In the Torah text, a husband or father has ultimate control over the vows of his wife or daughter. Both are seen as an extension of him, and both are seen as other and not to be trusted. This is where the two passages dealing with women in the parashah connect. For just as the women of Midian are viewed as having the ability to control the Israelite men and bring about their moral downfall, so too a wife or daughter who has made the wrong kind of vow (and we can only imagine what those vows might have been) could bring about the downfall of her father or husband.

Following my analogy to a conclusion, it is the pieces of ourselves that we view as “other” of which we are most afraid and which we try to control or destroy. But it is because we remain ignorant or living in fear of these pieces that they have the potential to cause us the most suffering and harm. However, the solution is not to try to control or destroy them - whether within us or within others who bring up these feelings within us. Rather, the solution is to become more aware of them, acknowledge them, and accept them as part of who we are. These unknown "other" parts of us are not bad or evil. They are not "other." They are simply the parts of ourselves with which we still struggle.

I couldn't help but think of the debates going on in our country, in Israel and throughout the world dealing with issues of racism, gender bias, homophobia, misogyny, Islamic extremism, anti-Islamic response or backlash, and the list goes on.......

All of these prejudices, as well as racism and misogyny which is built into so many governmental systems, are based on this concept of us vs. the other. But ultimately, there is no other. As I spoke about on Rosh Hashanah, there is no “us and them.” In mystical terms, there is only the One. We are all part of that One, which we call God. But when we split the one into the many we can then focus on diversity, which is a blessing from God, and turn into into difference, which is a curse create by humanity. When we do this, we then feel the need to bolster and support those we see as “similar” our of fear of those who are “different.” And people often do that by blaming the problems and their origins on their differences, rather than looking within at the true origins of their prejudice, mistrust and even hatred.

Throughout the Torah we are reminded not to oppress the stranger, for we were once strangers in Egypt. But we must also not oppress that which we view as the stranger within ourselves. For that which we fear most within us is the root of what we mistrust, hate and oppress in the world around us.

We must start recognizing that our fear of violence, aggression and hatred in others is, at least in part, rooted in our fear, discomfort and denial of the capacity for violence, aggression and hatred within ourselves. And so we try to oppress or control that which is within us by trying to control or attack what we portray as being found only within others. But in the end, we cannot control these aspects of our world and ourselves any more than we can control anything. All we can do is become more mindful and recognize the difficult pieces within all of us. We must look straight at that which makes us most afraid. Then we must look at that fear with compassion and with honesty in order to determine how to best approach it so that we no longer feel the need to control it out of the believe that, if we don't, it will ultimately control us.

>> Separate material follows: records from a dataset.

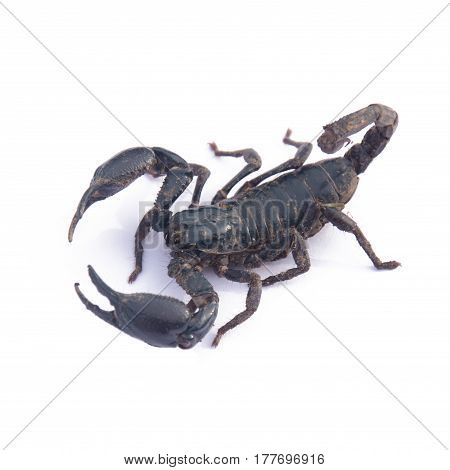 Giant Asian Black Scorpion Isolated On White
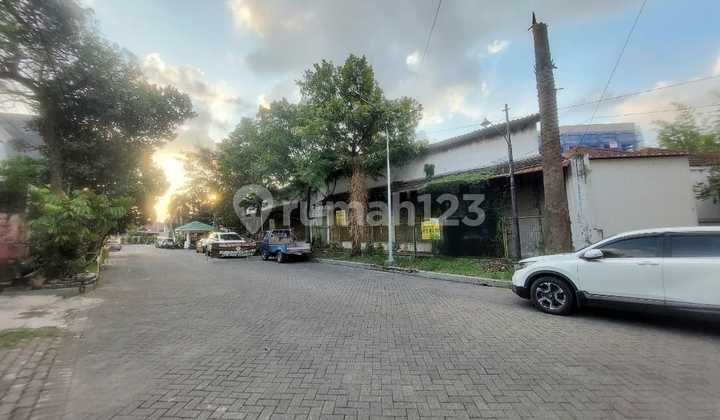 Disewakan Cepat Rumah Usaha Simpang Darmo Permai Selatan 1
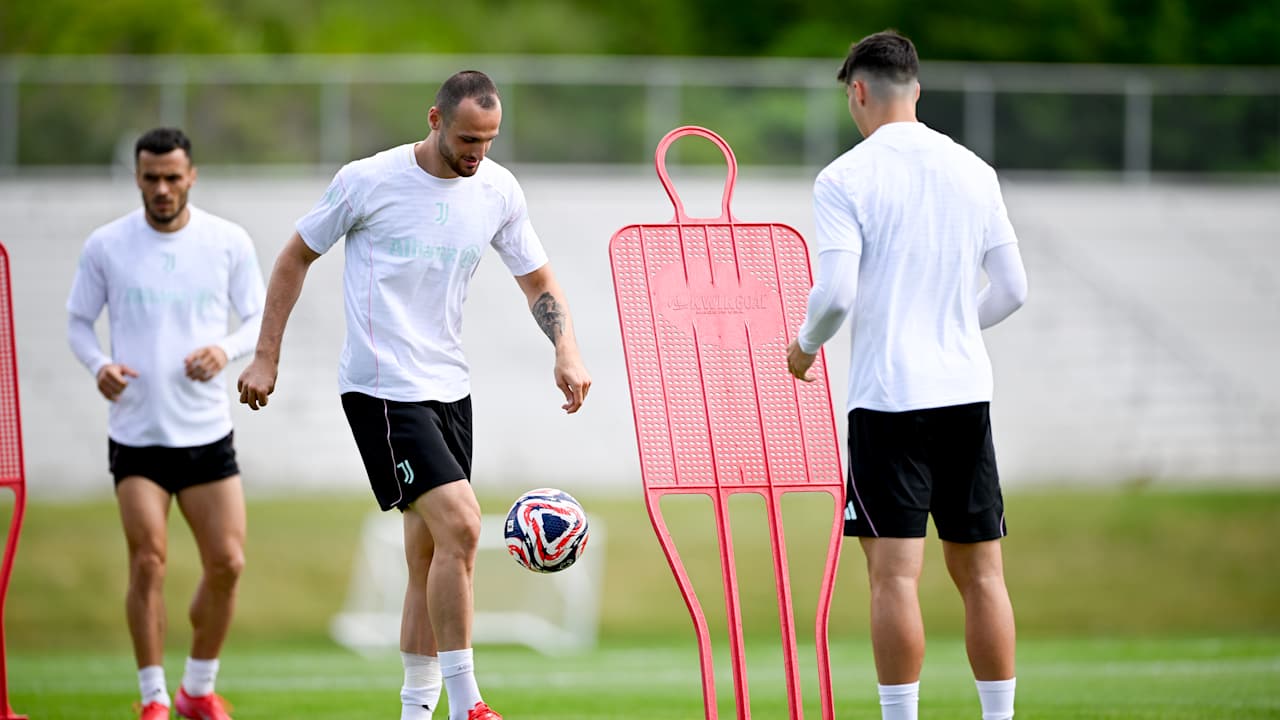 Gatti_allenamento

I can only imagine how differently the scenario in this week's parashah might have ended, or how differently recent incidents of racial strife and all kinds of incidents rooted in fear and prejudice may have turned out if people changed their perspective. All we need to do is look at what we fear or don't understand and embrace it as something which is part of us all, rather than trying to destroy or control it because it is something that belongs to the “other.” How different all of our lives, and our world, might be if we could practice this on a more regular basis ourselves.